Birthplace: Pine Bluff, AR, USA

Gender: Male

Branch: Army (1784 - present)

Home of Record: Houston, TX
Middle Name: Lamar

Date of Birth: 27 December 1922

Date of Death: 09 November 2012

Rank: Colonel

Years Served: 1948 - 1980
James Lamar Stone

•  Korean War (1950 - 1953)


James Lamar Stone
Colonel, U.S. Army
Medal of Honor Recipient
Korean War

James Lamar Stone was born on 27 December 1922 at Pine Bluff, AR. He is a retired U.S. Army Colonel and a recipient of America's highest military award-the Medal of Honor-for his heroic actions in the Korean War. He was awarded the medal for his conspicuous leadership during a fight against overwhelming odds, for continuing to lead after being wounded, and for choosing to stay behind after ordering others to retreat, a decision which led to his capture by Chinese forces.

Stone joined the Army at Houston, TX, and on 21 November 1951 was serving as a First Lieutenant in Company E of the 8th Cavalry Regiment, 1st Cavalry Division. On that morning, Stone's platoon relieved another American unit that was manning a hilltop outpost above the Imjin River near Sokkogae, Korea.

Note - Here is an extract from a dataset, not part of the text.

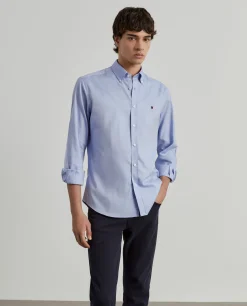 Camisa slim fit de algodão em cor lisa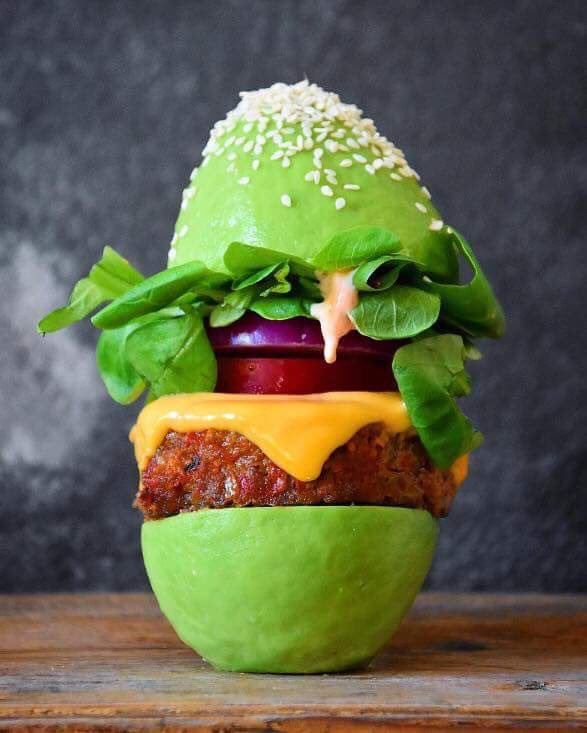 AquiLoMire's tweet photo. ¿Creían haber visto todo? Pos como les digo que no amiguitos. Vean estas hamburguesas de aguacate. ¿Se les antoja? https://t.co/ke1TBNURTB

At about 2100 hours on the 21st, Chinese forces launched an artillery and mortar attack against the outpost, followed by a series of infantry assaults. Stone led his platoon's defense against the battalion-sized force. Just after midnight, a second battalion joined the Chinese assault, pitting Stone's forty-eight man platoon against roughly eight hundred enemy soldiers. Wounded three times during the battle, Stone continued to lead his men and fight, including in hand-to-hand combat. Realizing the defense was hopeless, Stone ordered those men who could still walk to leave and rejoin the rest of Company E, while he stayed behind with the badly wounded to cover their retreat. Stone eventually lost consciousness and, just before dawn on 22 November, he and the six remaining men of his platoon were captured by Chinese forces.

After regaining consciousness, Stone was interrogated by the Chinese before being sent to a prison camp on the Yalu River. After twenty-two months of captivity, he was released in a prisoner exchange on 3 September 1953. Upon his liberation, Stone learned that he was to receive the Medal of Honor for his actions during the battle near Sokkogae.

Stone's Medal of Honor was officially approved on 20 October 1953 and it was presented to him a week later. At a ceremony in the White House on 27 October, President Dwight Eisenhower presented Medals of Honor to Stone and six others.

Stone reached the rank of Colonel and served in the Vietnam War before retiring from the Army.

Medal of Honor

Rank and organization: First Lieutenant, U.S. Army, Company E, 8th Cavalry Regiment, 1st Cavalry Division

Place and date: Near Sokkogae, Korea, 21 and 22 November 1951

G.O. No.: 82, 20 October 1953


1st Lt. Stone, distinguished himself by conspicuous gallantry and indomitable courage above and beyond the call of duty in action against the enemy. When his platoon, holding a vital outpost position, was attacked by overwhelming Chinese forces, 1st Lt. Stone stood erect and exposed to the terrific enemy fire calmly directed his men in the defense. A defensive flame-thrower failing to function, he personally moved to its location, further exposing himself, and personally repaired the weapon. Throughout a second attack, 1st Lt. Stone; though painfully wounded, personally carried the only remaining light machine gun from place to place in the position in order to bring fire upon the Chinese advancing from 2 directions. Throughout he continued to encourage and direct his depleted platoon in its hopeless defense. Although again wounded, he continued the fight with his carbine, still exposing himself as an example to his men. When this final overwhelming assault swept over the platoon's position his voice could still be heard faintly urging his men to carry on, until he lost consciousness. Only because of this officer's driving spirit and heroic action was the platoon emboldened to make its brave but hopeless last ditch stand.

Other Medals

In addition to the Medal of Honor, Stone also received the Purple Heart.


Colonel Stone died on 9 November 2012 in Arlington, TX.